#### Given records
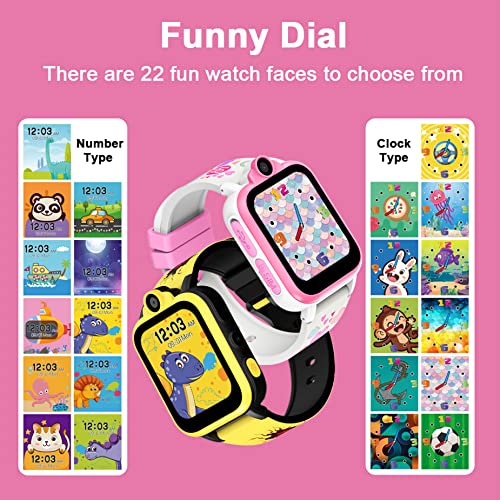Smart Watch for Kids Boy Girl -18 Puzzel Games, Two Cameras, Video, Music Player, Calculator, Alarm Clock, Class Mode, Pet, Sound Teacher, Kids Smart Watch for 4-12 Year Children Birthday Gifts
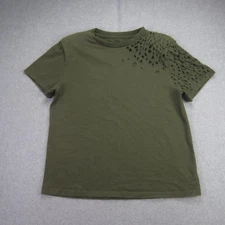 SER.O.YA Top Womens Medium Green Distressed Short Sleeve Padded Casual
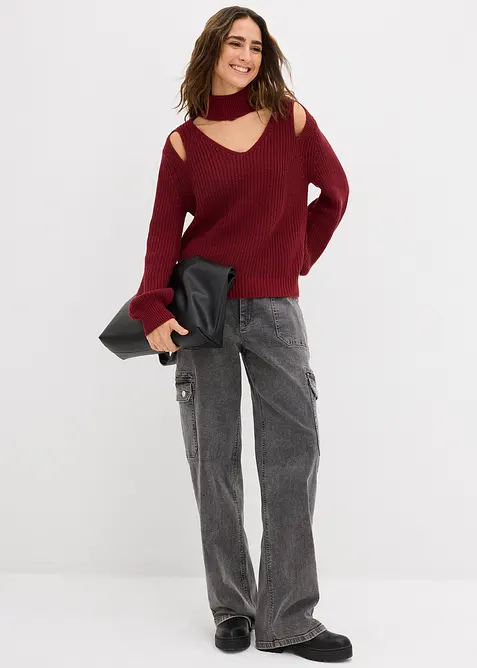 Svetr z hrubé pleteniny s prostřihy, bonprix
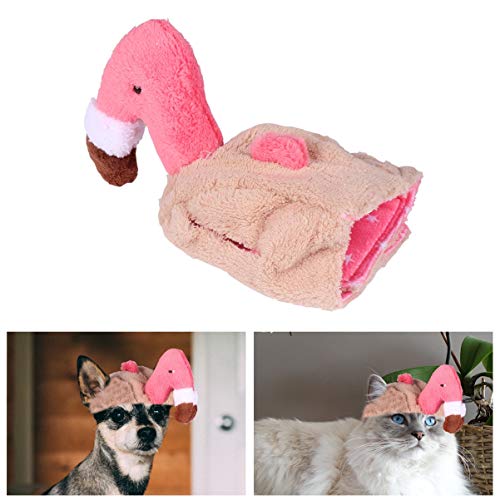 Amosfun Gorro de flamenco para perro, diseño de peluche, con agujeros para las orejas, accesorio de disfraz para fiestas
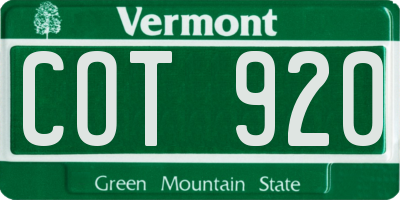 VT license plate COT920
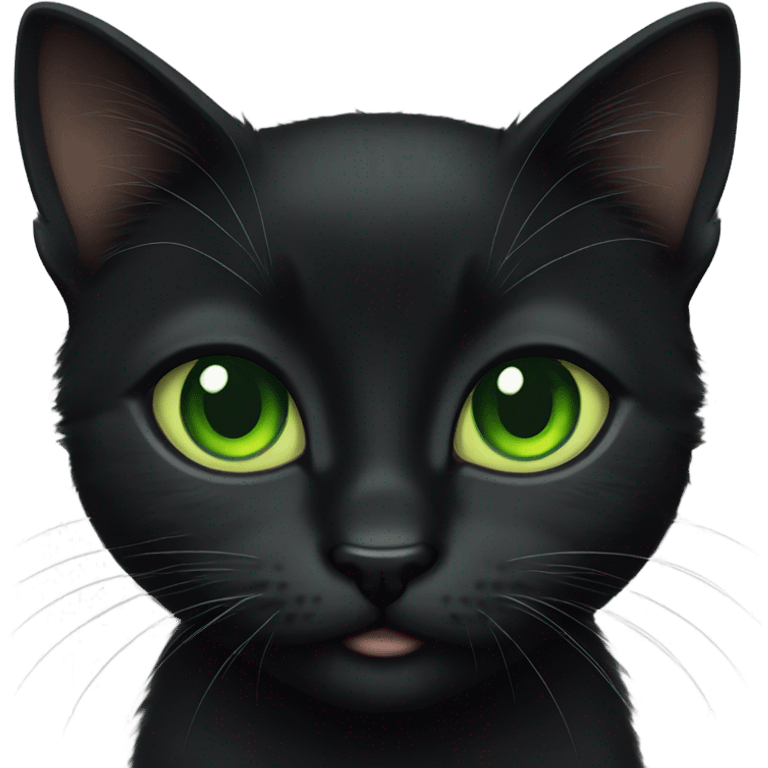 Black kitten with green eyes emoji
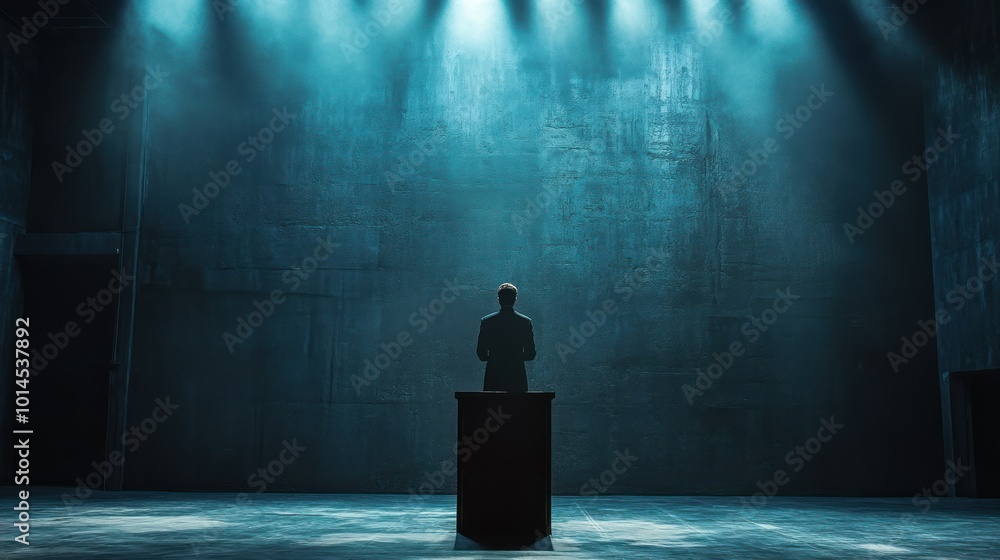 custom made wallpaper toronto digitalA Man Stands Alone on a Podium in a Dark Room Lit by Blue Spotlights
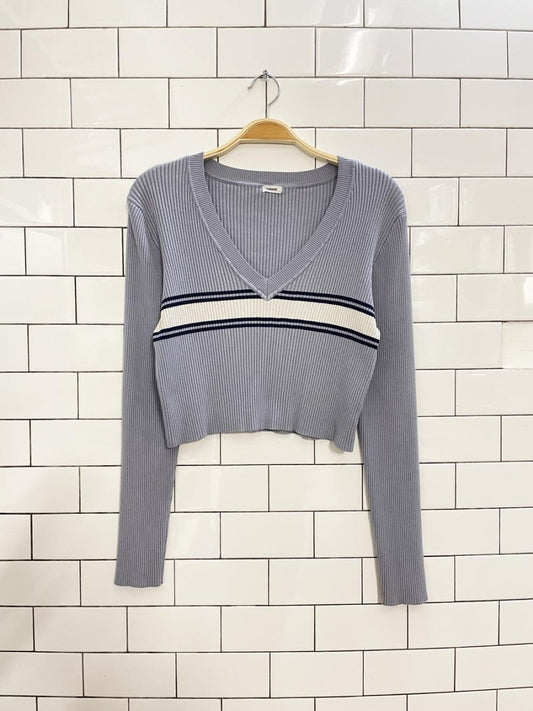 garage 90s aesthetic ribbed big stripe long sleeve top - good market thrift store
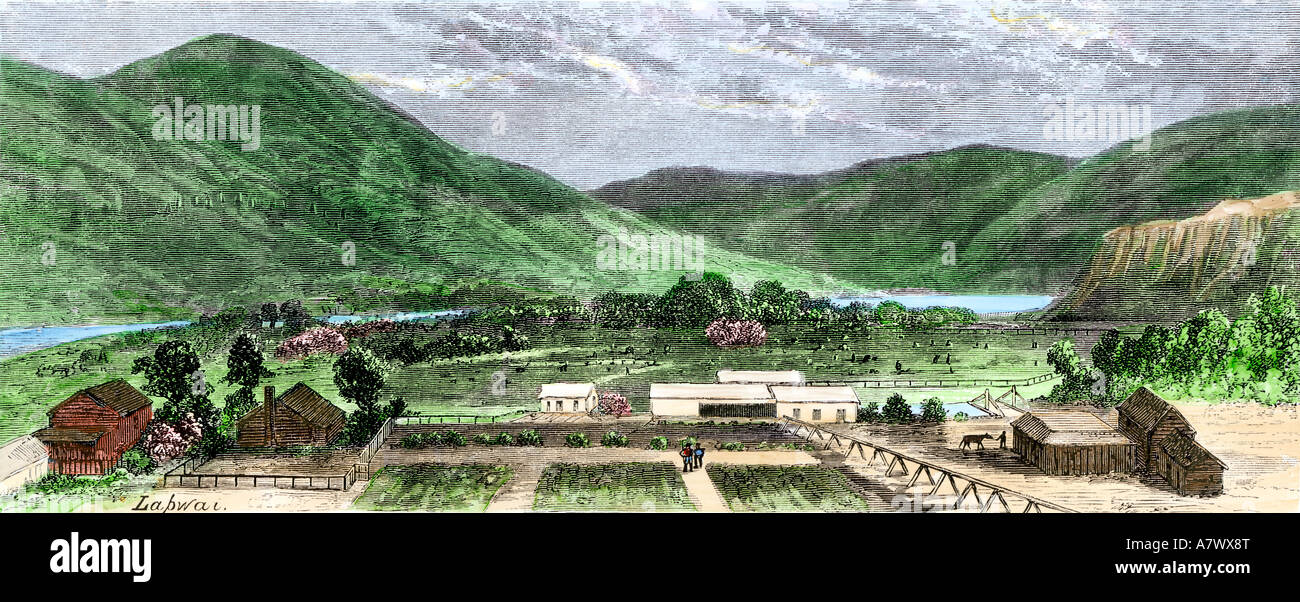 Farms on the Nez Perce reservation in Lapwai Idaho 1870s. Hand-colored woodcut Stock Photo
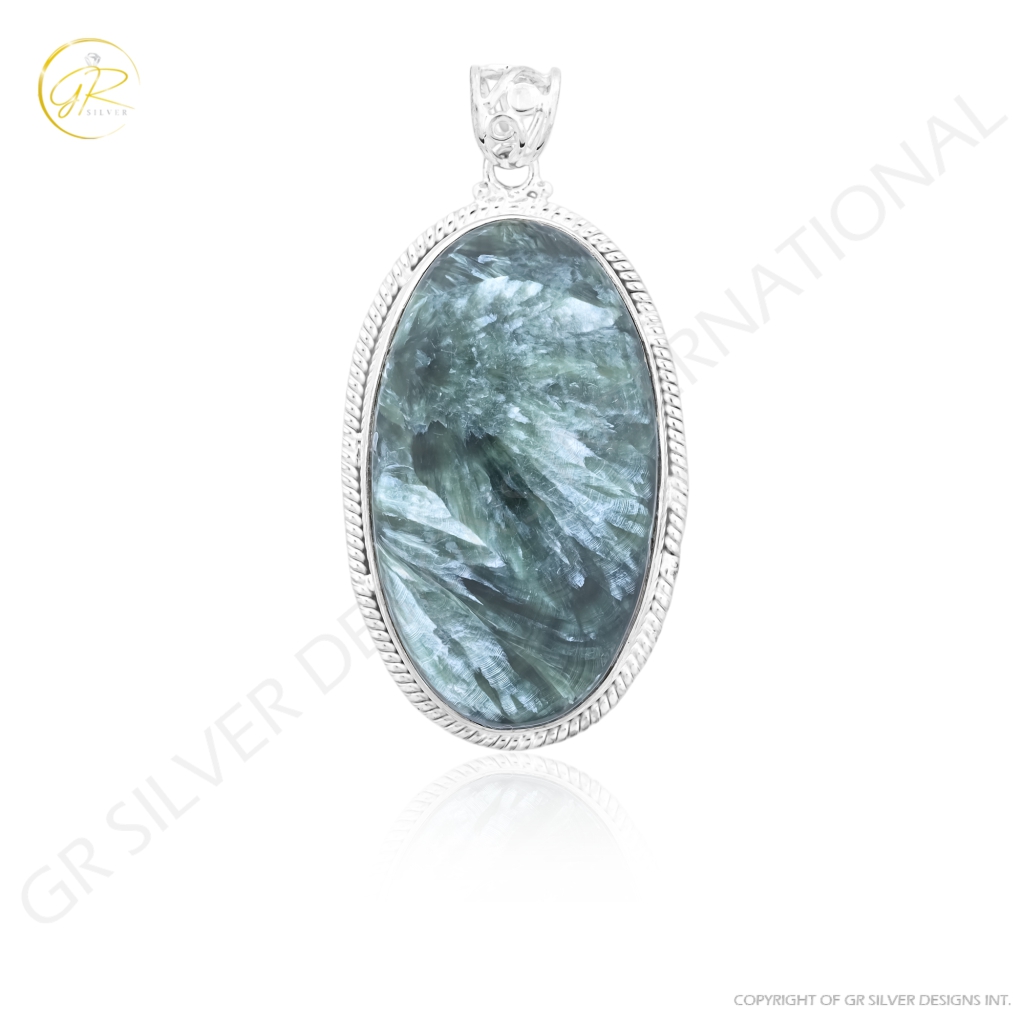 Natural Green Seraphinite Cabochon Sterling Silver Women Pendant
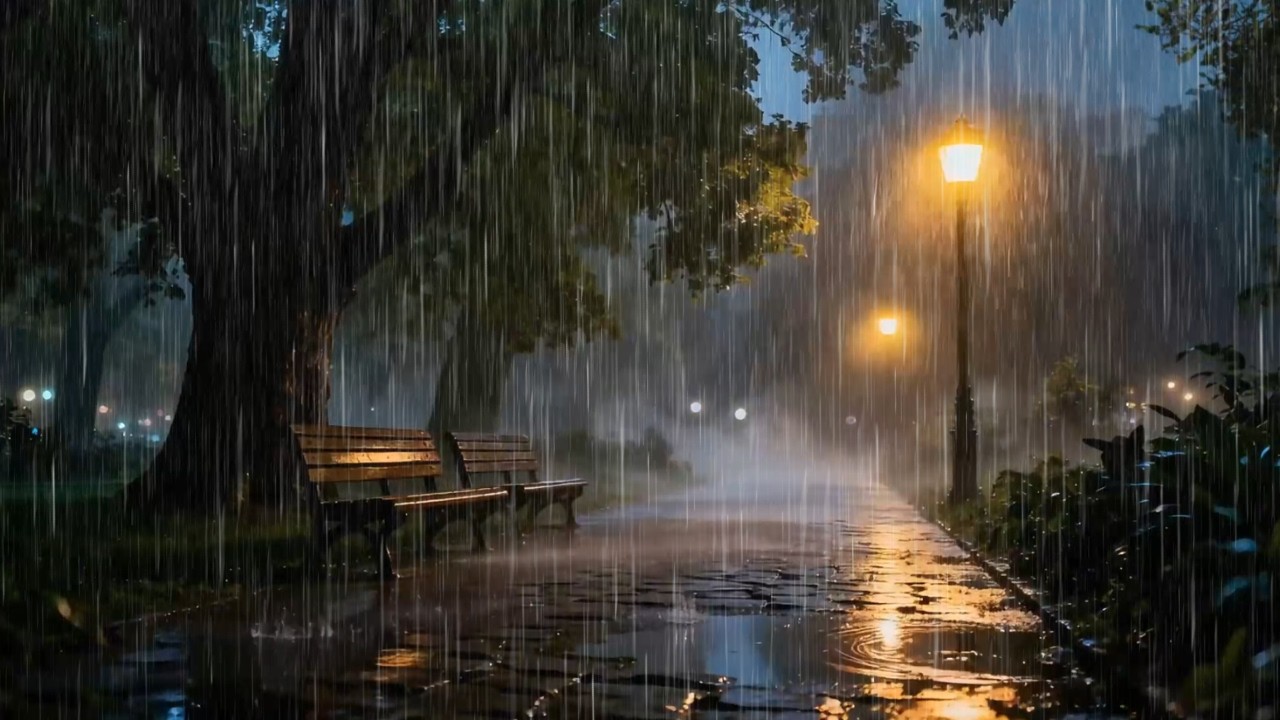 Heavy Rain Sounds at Night Along Silent City Garden Promenade for Stress Relief | Minimal Rain ASMR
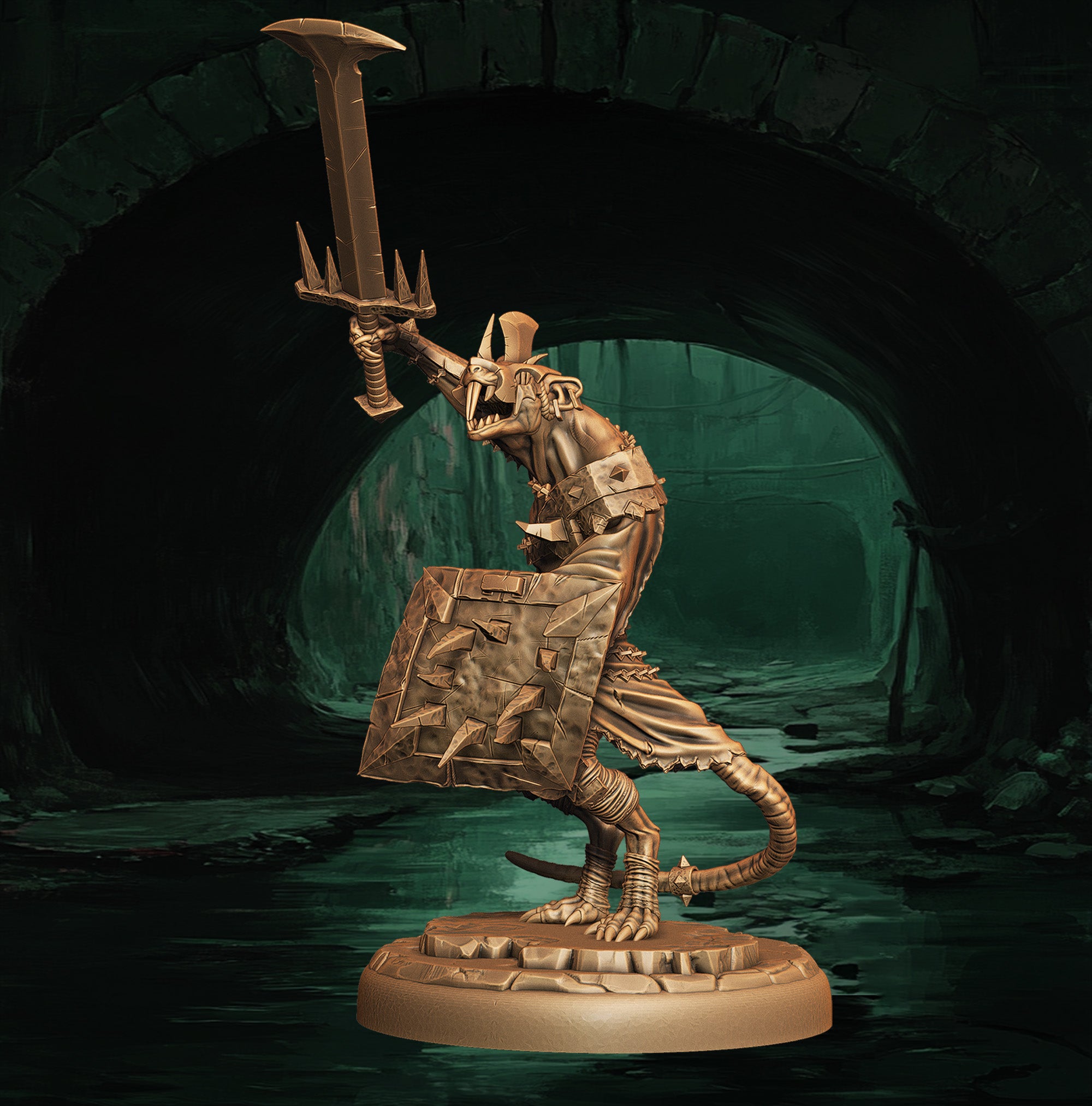 a statue of a knight holding a sword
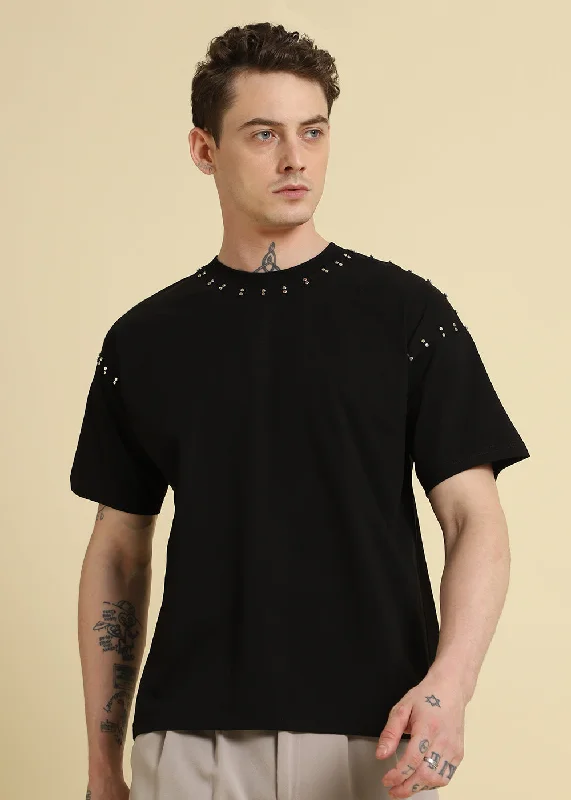 Comfortable Men's Polo ShirtsBlack Embellishment Oversized T-shirt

#### Task goal
Take the line that contains "Heavy Rain Sounds" and every line after it up to the end of the records above, and restate them exactly, without the pictures.

#### Exercise solution
 Heavy Rain Sounds at Night Along Silent City Garden Promenade for Stress Relief | Minimal Rain ASMR
 a statue of a knight holding a sword
 Comfortable Men's Polo ShirtsBlack Embellishment Oversized T-shirt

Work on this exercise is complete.